Iacono wasn’t alone in his belief that Truex did well after the transplant: other people who knew Truex before and after the operation were of the same opinion. ‘There was nothing dramatic or immediate,’ said Kay. ‘I remember, I think it was about a year after surgery, Bob called to see how he was doing, which he did periodically, and I said, “You know what, I think Max is doing very, very well, because it just occurred to me that for about the last three weeks to a month I haven’t been doing anything for him, he’s been doing everything for himself.”’

Don Truex agreed. ‘His facial expressions were better, his speech was better,’ he said. ‘There’s no question in my mind that he was substantially improved.’ Jim Slosson also said that Max was better after the transplant.

Iacono was impressed enough with the results that he took other patients to China for similar transplants, but he performed the surgery in a more modern hospital in Shanghai rather than in Zhengzhou. He described some of these cases, including Truex’s, at several scientific meetings that he attended.

In the second year after the surgery, Truex visited a neurologist by the name of Raymon Durso, who is a specialist in Parkinson’s disease at the Veterans Administration hospital in Boston. Durso also has an academic appointment at Boston University Medical School.

‘I think I saw him a total of three times,’ Durso told me. ‘He definitely said he was improved. However, when I went over the history, his doctors had, for example, added Deprenyl, and so I was never willing to attribute his improvement to the surgery.’

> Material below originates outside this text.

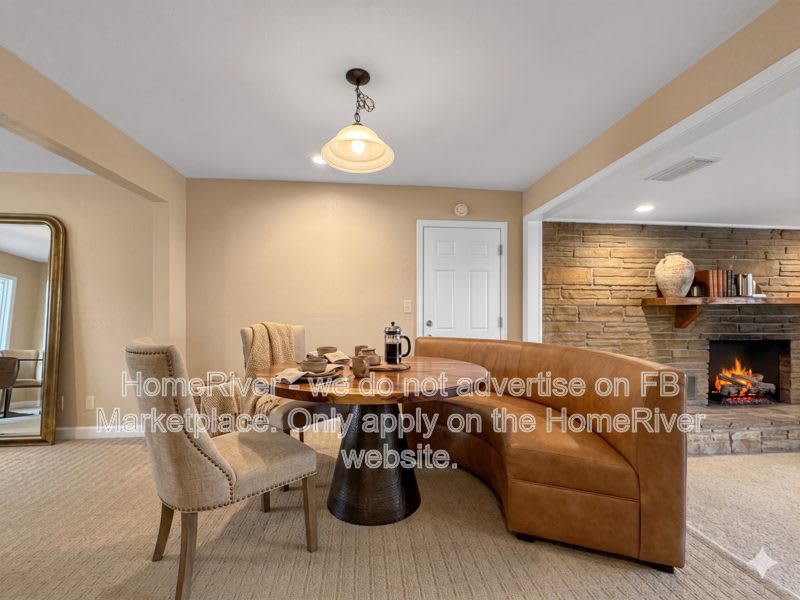 909 Arlingwood Ave – photo 5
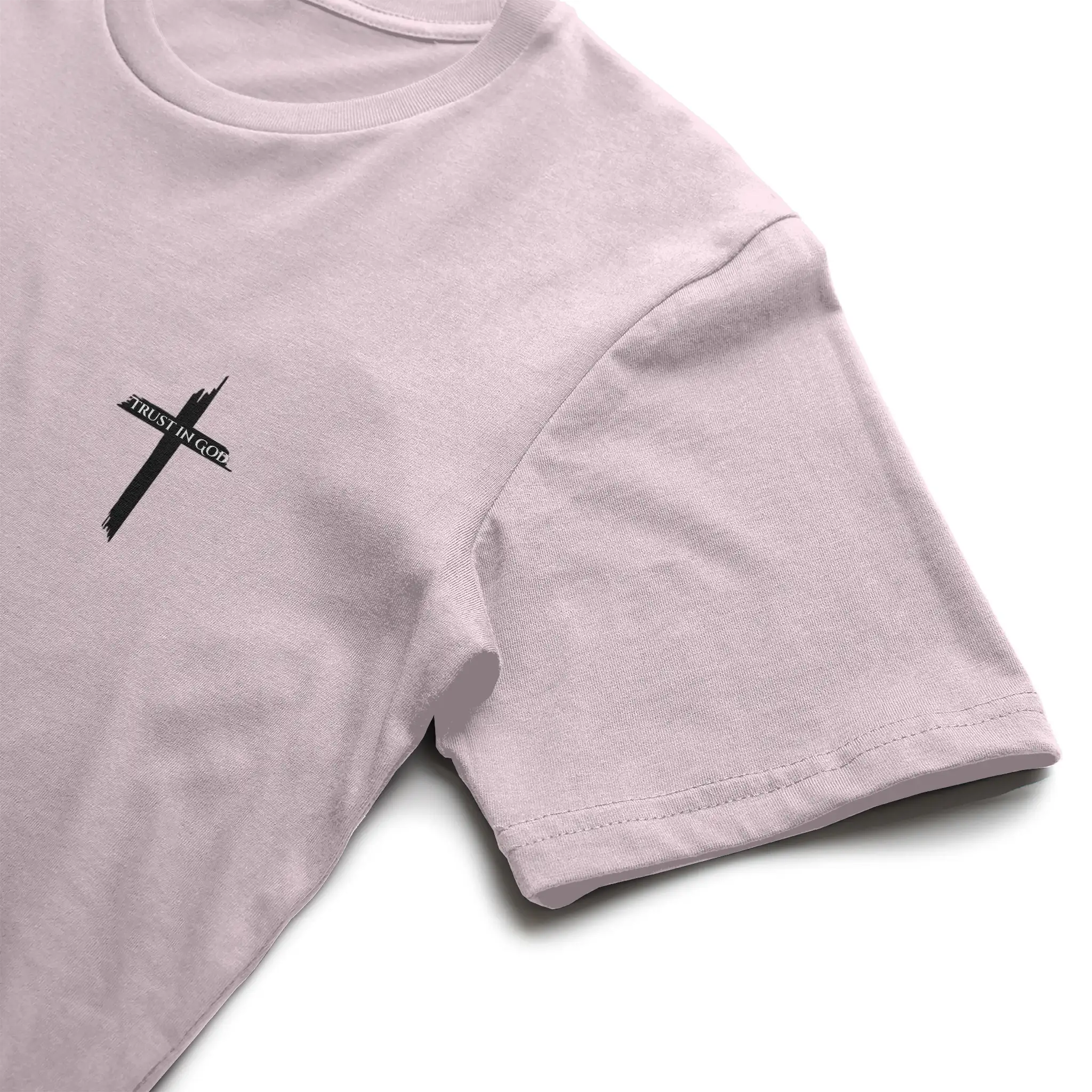 One Nation Under God T-Shirt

The United States’ Food and Drug Administration (FDA) approved Deprenyl for the treatment of Parkinson’s disease in the same month that Truex received his transplants. In some patients it significantly alleviates the symptoms of the disease, and it can also cause euphoria, so that a person may feel and act more upbeat even if the physical symptoms are unchanged.

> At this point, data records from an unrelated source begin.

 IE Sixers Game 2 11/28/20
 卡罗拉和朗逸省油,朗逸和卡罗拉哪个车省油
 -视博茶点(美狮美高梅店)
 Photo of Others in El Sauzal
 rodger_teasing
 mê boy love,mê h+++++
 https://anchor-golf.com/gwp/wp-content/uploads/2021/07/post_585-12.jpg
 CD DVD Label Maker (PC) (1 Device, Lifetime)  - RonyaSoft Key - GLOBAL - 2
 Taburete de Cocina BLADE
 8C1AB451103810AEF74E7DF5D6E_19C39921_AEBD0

The last time Truex visited Durso was in March of 1991, a year and ten months after the trip to China. Durso says that Truex seemed quite well at that time, aside from some swelling of his ankles. Such swelling can be caused by mild kidney failure, and Durso confirmed this diagnosis by means of blood tests. Chronic mild kidney failure is a common finding in people who are treated with immunosuppressant drugs.

Although he seemed reasonably well to Durso, Truex evidently did not seem well to himself, because right around that same time he began telling Kay that he was dying. Kay didn’t take him seriously at first, but he was insistent. When she asked him what made him say that, he replied, ‘I just know, I just don’t feel the same, I just know I’m dying.’ Then, over a period of ten days or so, Max began giving Kay specific instructions concerning his death. ‘He told me about his life insurance policy,’ Kay says. ‘He had me go into Boston and sell off some stocks that he didn’t want to cause problems afterwards, and he had me write down that he wanted to be cremated, and where he wanted his ashes.’ He also gave Kay power of attorney for medical matters, and told her that he did not want to be resuscitated if the question arose. Kay realised that Max was very serious about his belief that his life was ending, even if he couldn’t verbalise the reasons.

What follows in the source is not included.